NATO PA 106. Rose-Roth Semineri, Polonya'nın başkenti Varşova'da gerçekleştirildi. Seminerde, 'Washington Zirvesi Sonrasında NATO'nun Caydırıcılığı ve Savunması: Doğu Kanadının Güçlendirilmesi', 'Ukrayna'ya Verilecek Destekler, Doğu Komşuları ve Avrupa Güvenliğinin Geleceği', 'Belarus ve Baltık Denizi Bölgesi ve Otokrasiyle Yüzleşmek: Demokratik Mukavemetin Güçlendirilmesi' konularını ele alındı. Toplantıya eski Gençlik ve Spor Bakanı ve AK Parti İzmir Milletvekili Mehmet Muharrem Kasapoğlu da katıldı. Kasapoğlu, toplantının ardından Türkiye'ye döndü. Türkiye'nin demokrasiye bağlılığı başta olmak üzere Türkiye'nin Ukrayna Savaşı'ndaki tutumu, Karadeniz'in Güvenliği ve Montrö Boğazlar Sözleşmesi, Avrupa Güvenliğinin Geleceği ve Demokratik mukavemet konularında Türkiye'nin önemine ve gerçekleştirdiği faaliyetlere değindi.

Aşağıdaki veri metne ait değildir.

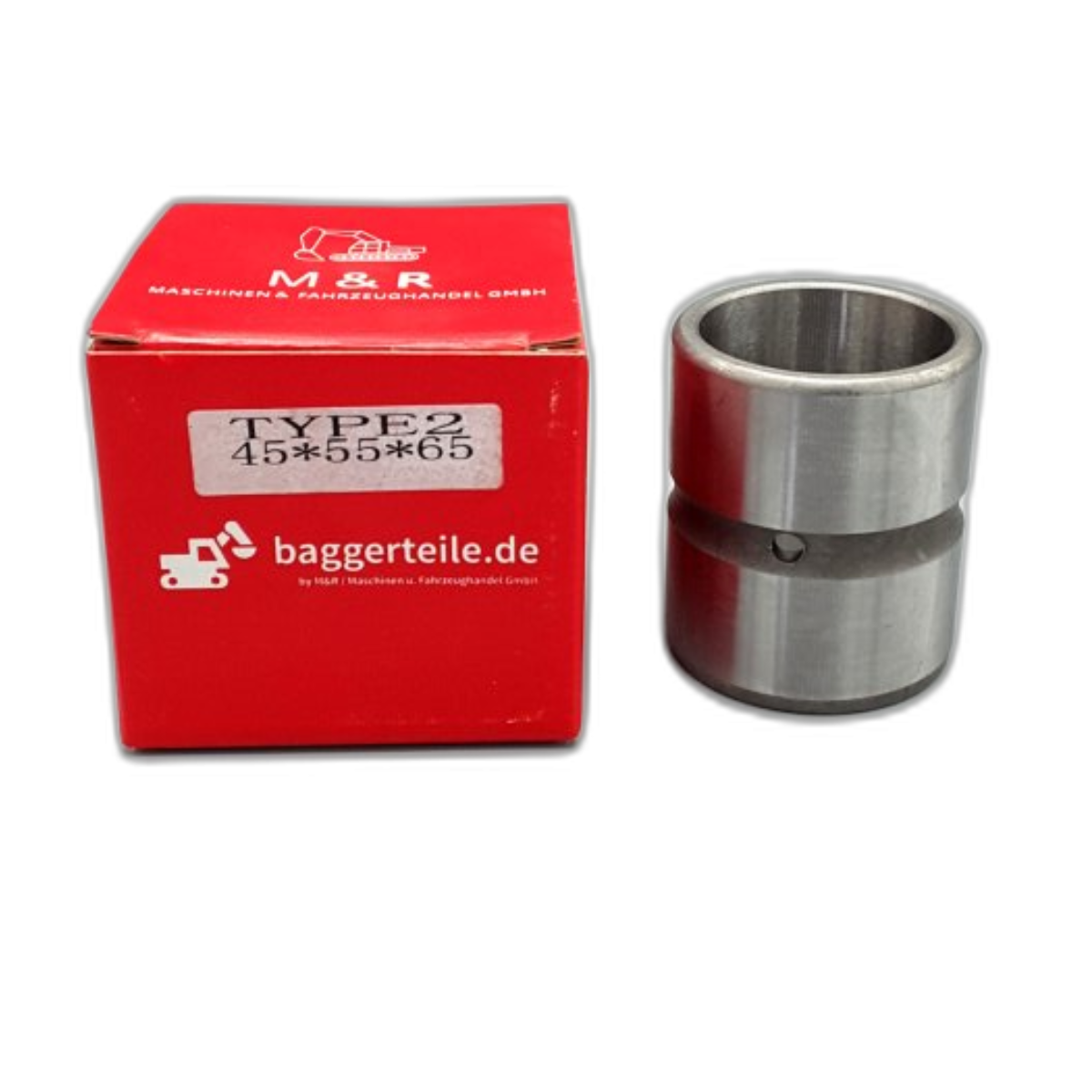 Buchse 45x55x65 Type 2 für Baumaschinen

‘SAVAŞIN SON BULMASINI ARZU EDİYORUZ’
Karadeniz'de savaşın engellenmesinde Türkiye'nin izlediği politikaya yönelik Kasapoğlu, "Karadeniz, 1936 Montrö Sözleşmesi ve Türkiye'nin bunu uygulaması ile kurulan hassas denge sayesinde son yüzyılda askeri çatışma ve gerginlik denizi olmamıştır. Sözleşme, Karadeniz güvenliği bağlamında temel bir unsurdur. Türkiye 80 yılı aşkın bir süredir 1936 Montrö Sözleşmesi'ne harfiyen uymaktadır. Rusya-Ukrayna savaşı başladığından beri Karadeniz'de gerilimin yükselmesine engel olmak için elimizden geleni yapıyoruz. Ukrayna'daki savaşın, mümkün olduğunca Karadeniz'e yayılmaması için gayret göstermeye devam edeceğiz. Savaşın artık son bulmasını ve bölgede barışın tesis edilmesini arzu ediyoruz. Türkiye'nin bu konudaki kararlı tavrı devam edecektir. Tüm süreçleri bugüne kadar nasıl hassasiyetle yürüttüysek, aynı şekilde sürdüreceğiz" dedi.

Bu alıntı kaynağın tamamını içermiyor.